How to Balance Long-distance Relationships and Your Mental Health

Long-distance relationships can be extremely hard, but communication is key. Here's why

Long-distance relationships can be extremely hard, but communication is key. Here’s why


With a lack of physical contact and dependency on technology to keep in touch, couples in long-distance relationships face additional woes compared to those who are geographically close.

Whether you reside at a distance by choice or because life circumstances have forced you to, long-distance relationships can affect your mental well-being. According to a recent study published in the Journal of Sex and Marital Therapy, couples can experience high levels of distress and low levels of satisfaction in a relationship, particularly if there is uncertainty about a physical reunion.

Loneliness can be overwhelming and lead to depressive episodes, while insecurity about your partner’s behaviour or lack of validation from a social entourage may lead to anxiety.

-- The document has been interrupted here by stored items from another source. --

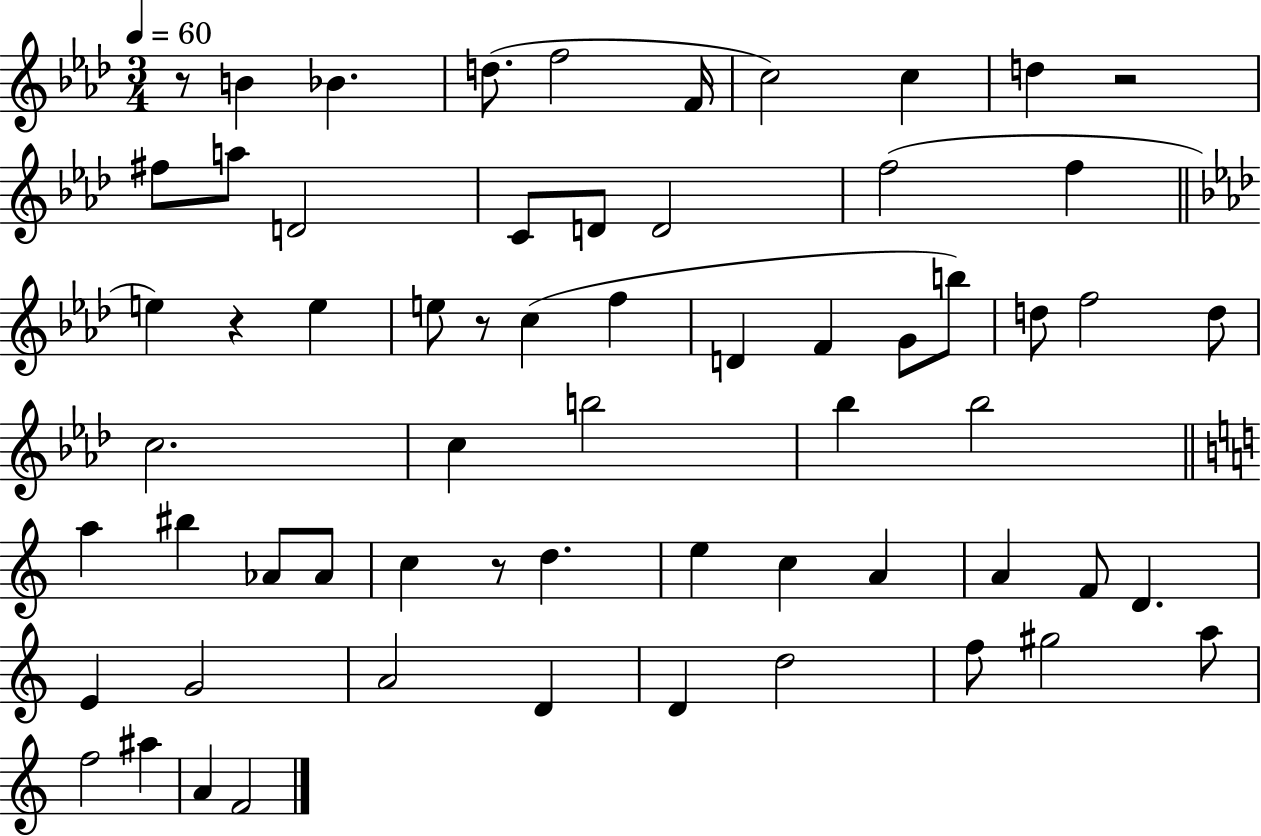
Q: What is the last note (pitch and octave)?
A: F4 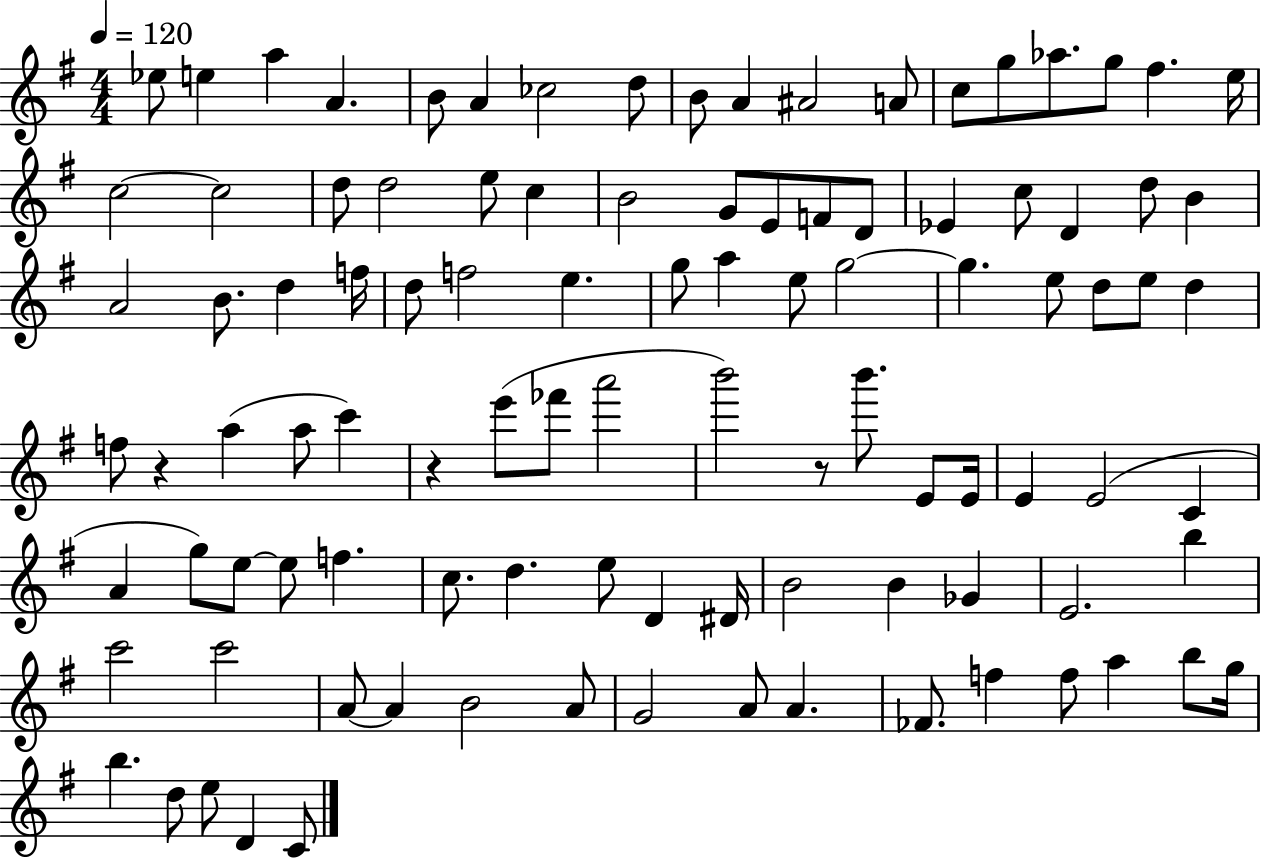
X:1
T:Untitled
M:4/4
L:1/4
K:G
_e/2 e a A B/2 A _c2 d/2 B/2 A ^A2 A/2 c/2 g/2 _a/2 g/2 ^f e/4 c2 c2 d/2 d2 e/2 c B2 G/2 E/2 F/2 D/2 _E c/2 D d/2 B A2 B/2 d f/4 d/2 f2 e g/2 a e/2 g2 g e/2 d/2 e/2 d f/2 z a a/2 c' z e'/2 _f'/2 a'2 b'2 z/2 b'/2 E/2 E/4 E E2 C A g/2 e/2 e/2 f c/2 d e/2 D ^D/4 B2 B _G E2 b c'2 c'2 A/2 A B2 A/2 G2 A/2 A _F/2 f f/2 a b/2 g/4 b d/2 e/2 D C/2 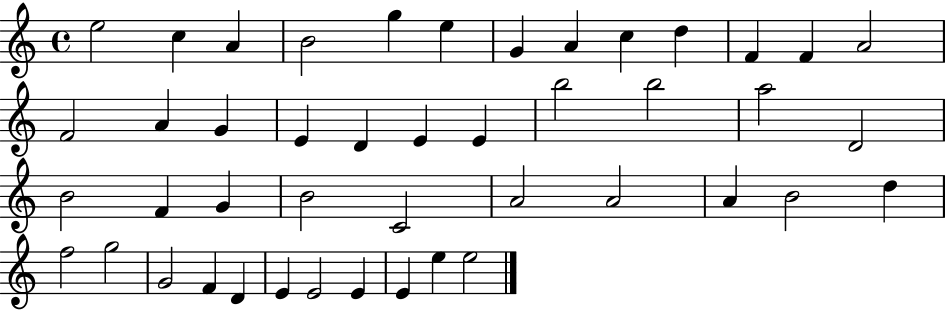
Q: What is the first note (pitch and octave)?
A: E5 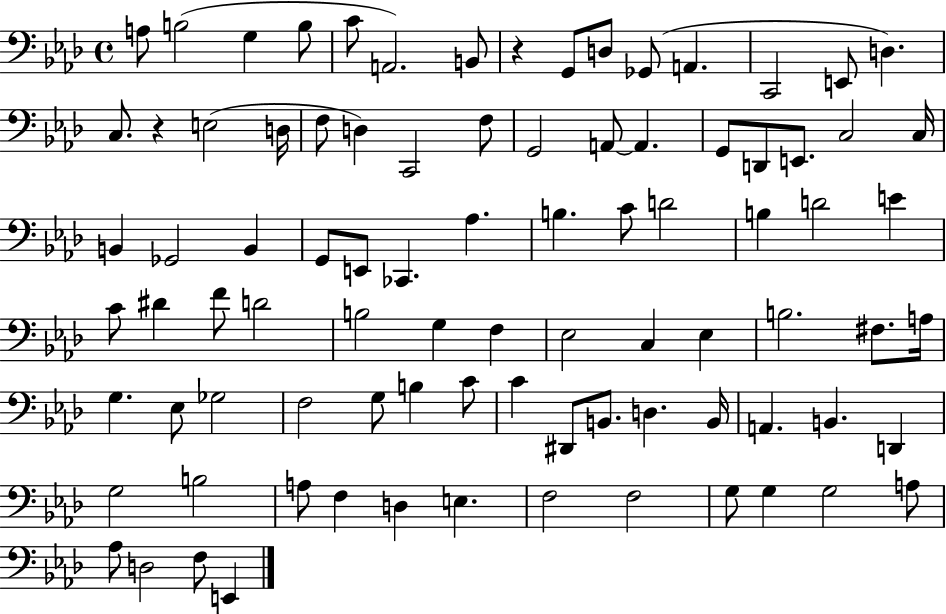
{
  \clef bass
  \time 4/4
  \defaultTimeSignature
  \key aes \major
  a8 b2( g4 b8 | c'8 a,2.) b,8 | r4 g,8 d8 ges,8( a,4. | c,2 e,8 d4.) | \break c8. r4 e2( d16 | f8 d4) c,2 f8 | g,2 a,8~~ a,4. | g,8 d,8 e,8. c2 c16 | \break b,4 ges,2 b,4 | g,8 e,8 ces,4. aes4. | b4. c'8 d'2 | b4 d'2 e'4 | \break c'8 dis'4 f'8 d'2 | b2 g4 f4 | ees2 c4 ees4 | b2. fis8. a16 | \break g4. ees8 ges2 | f2 g8 b4 c'8 | c'4 dis,8 b,8. d4. b,16 | a,4. b,4. d,4 | \break g2 b2 | a8 f4 d4 e4. | f2 f2 | g8 g4 g2 a8 | \break aes8 d2 f8 e,4 | \bar "|."
} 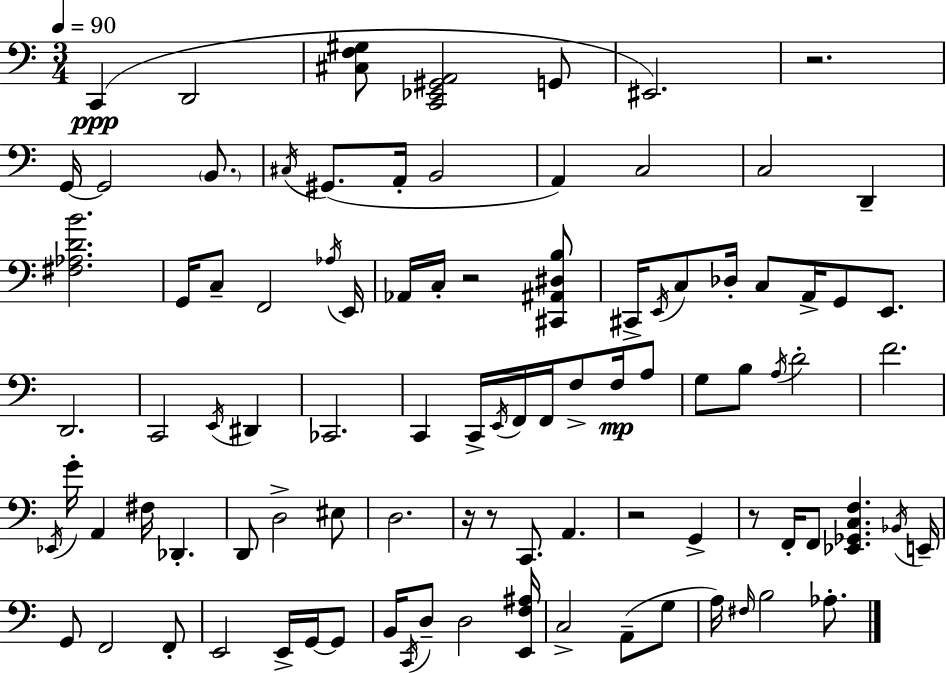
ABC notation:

X:1
T:Untitled
M:3/4
L:1/4
K:C
C,, D,,2 [^C,F,^G,]/2 [C,,_E,,^G,,A,,]2 G,,/2 ^E,,2 z2 G,,/4 G,,2 B,,/2 ^C,/4 ^G,,/2 A,,/4 B,,2 A,, C,2 C,2 D,, [^F,_A,DB]2 G,,/4 C,/2 F,,2 _A,/4 E,,/4 _A,,/4 C,/4 z2 [^C,,^A,,^D,B,]/2 ^C,,/4 E,,/4 C,/2 _D,/4 C,/2 A,,/4 G,,/2 E,,/2 D,,2 C,,2 E,,/4 ^D,, _C,,2 C,, C,,/4 E,,/4 F,,/4 F,,/4 F,/2 F,/4 A,/2 G,/2 B,/2 A,/4 D2 F2 _E,,/4 G/4 A,, ^F,/4 _D,, D,,/2 D,2 ^E,/2 D,2 z/4 z/2 C,,/2 A,, z2 G,, z/2 F,,/4 F,,/2 [_E,,_G,,C,F,] _B,,/4 E,,/4 G,,/2 F,,2 F,,/2 E,,2 E,,/4 G,,/4 G,,/2 B,,/4 C,,/4 D,/2 D,2 [E,,F,^A,]/4 C,2 A,,/2 G,/2 A,/4 ^F,/4 B,2 _A,/2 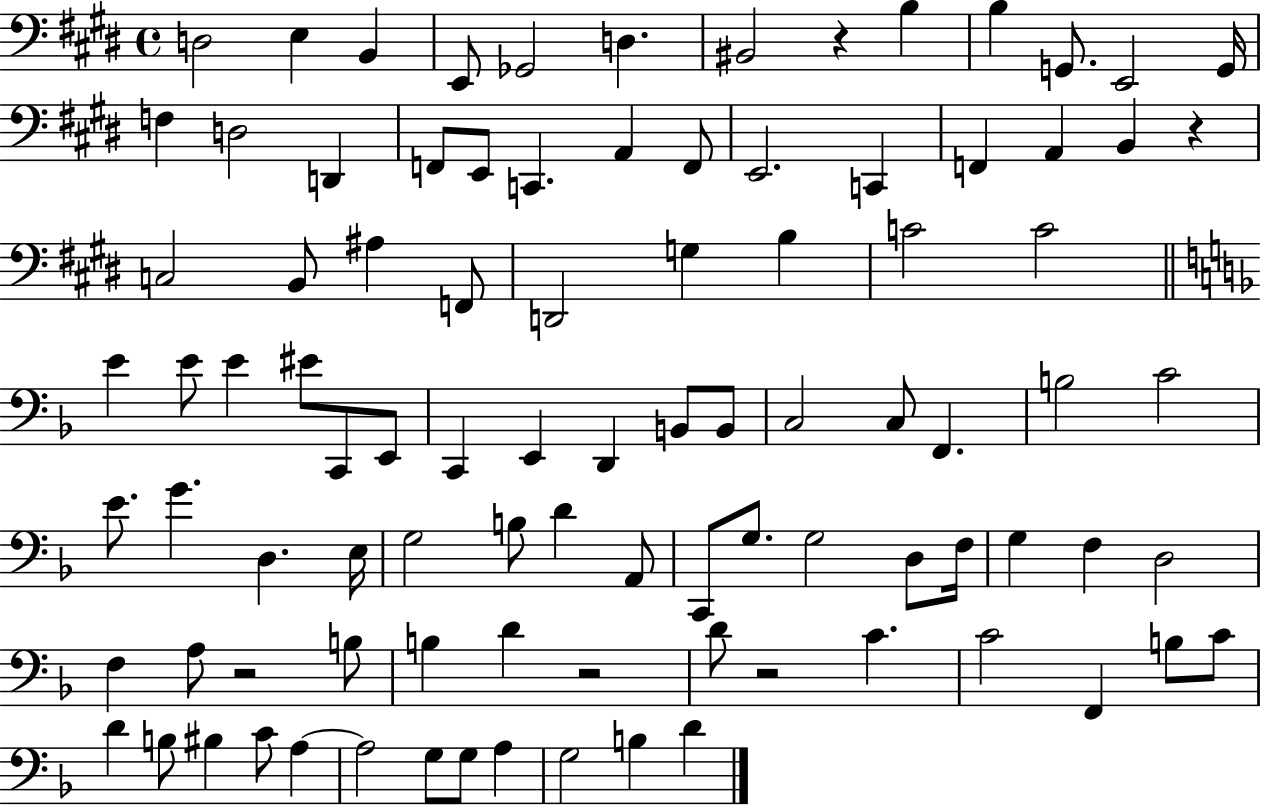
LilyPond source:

{
  \clef bass
  \time 4/4
  \defaultTimeSignature
  \key e \major
  d2 e4 b,4 | e,8 ges,2 d4. | bis,2 r4 b4 | b4 g,8. e,2 g,16 | \break f4 d2 d,4 | f,8 e,8 c,4. a,4 f,8 | e,2. c,4 | f,4 a,4 b,4 r4 | \break c2 b,8 ais4 f,8 | d,2 g4 b4 | c'2 c'2 | \bar "||" \break \key f \major e'4 e'8 e'4 eis'8 c,8 e,8 | c,4 e,4 d,4 b,8 b,8 | c2 c8 f,4. | b2 c'2 | \break e'8. g'4. d4. e16 | g2 b8 d'4 a,8 | c,8 g8. g2 d8 f16 | g4 f4 d2 | \break f4 a8 r2 b8 | b4 d'4 r2 | d'8 r2 c'4. | c'2 f,4 b8 c'8 | \break d'4 b8 bis4 c'8 a4~~ | a2 g8 g8 a4 | g2 b4 d'4 | \bar "|."
} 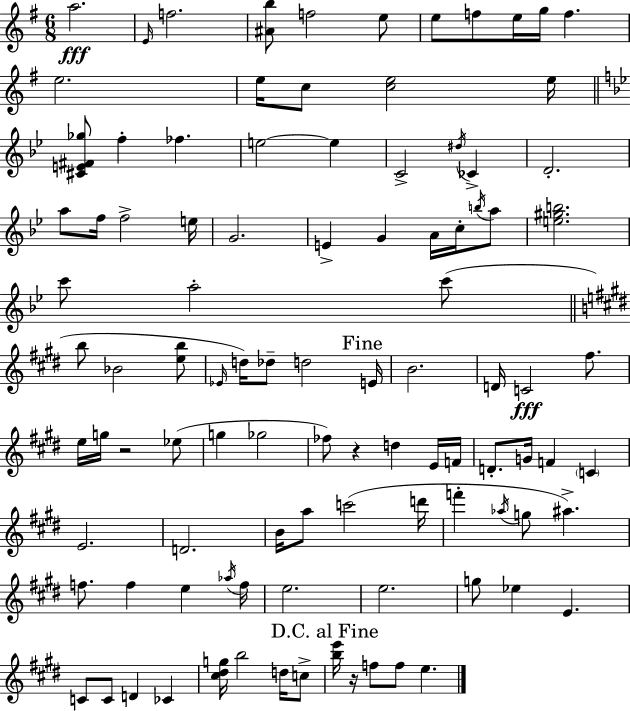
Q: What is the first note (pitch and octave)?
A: A5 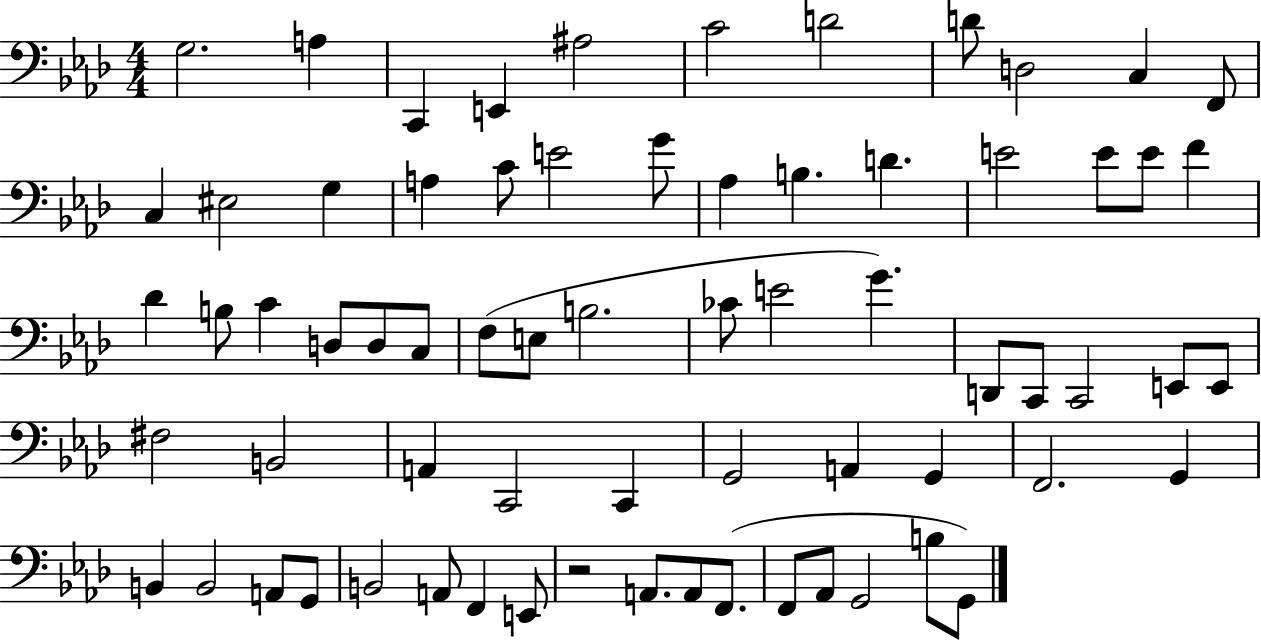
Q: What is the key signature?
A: AES major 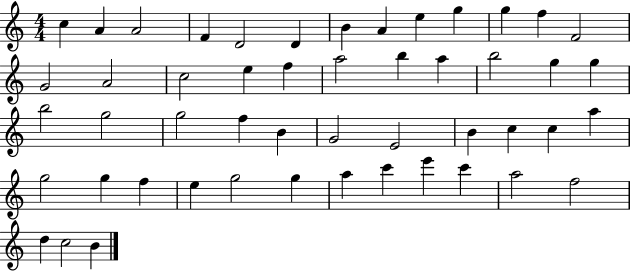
C5/q A4/q A4/h F4/q D4/h D4/q B4/q A4/q E5/q G5/q G5/q F5/q F4/h G4/h A4/h C5/h E5/q F5/q A5/h B5/q A5/q B5/h G5/q G5/q B5/h G5/h G5/h F5/q B4/q G4/h E4/h B4/q C5/q C5/q A5/q G5/h G5/q F5/q E5/q G5/h G5/q A5/q C6/q E6/q C6/q A5/h F5/h D5/q C5/h B4/q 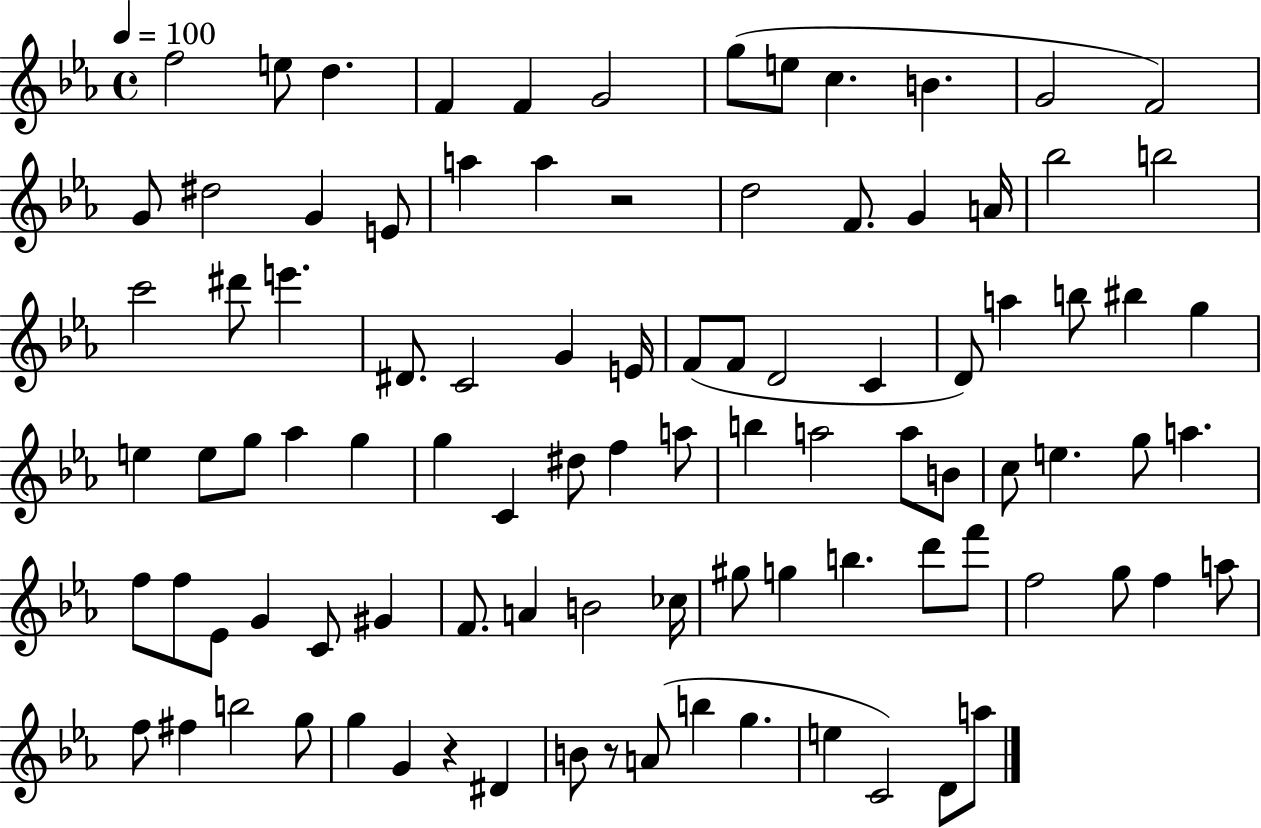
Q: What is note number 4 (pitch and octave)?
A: F4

“We rely on having our relationship supported and respected by social connections and when that support isn’t there, it can affect the relationship and, in relation, the mental health of the people in the relationship,” says Carrie Jenkins, a University of British Columbia professor who researches romantic love.

How far can you get from stereotypical romantic relationships before getting uncomfortable with your feelings and the reactions of your social circle? How comfortable are you with relying on technology for everything from daily updates to sexual intimacy? For Jenkins, these types of questions are crucial for individuals in long distance relationships to understand.

The more comfortable someone feels with the conditions attached to their long-distance relationship, the more open their communications channels will be and the more opportunity for planning exists. That openness and communication is crucial to maintaining a healthy relationship, whether you are separated by a wall or by a continent.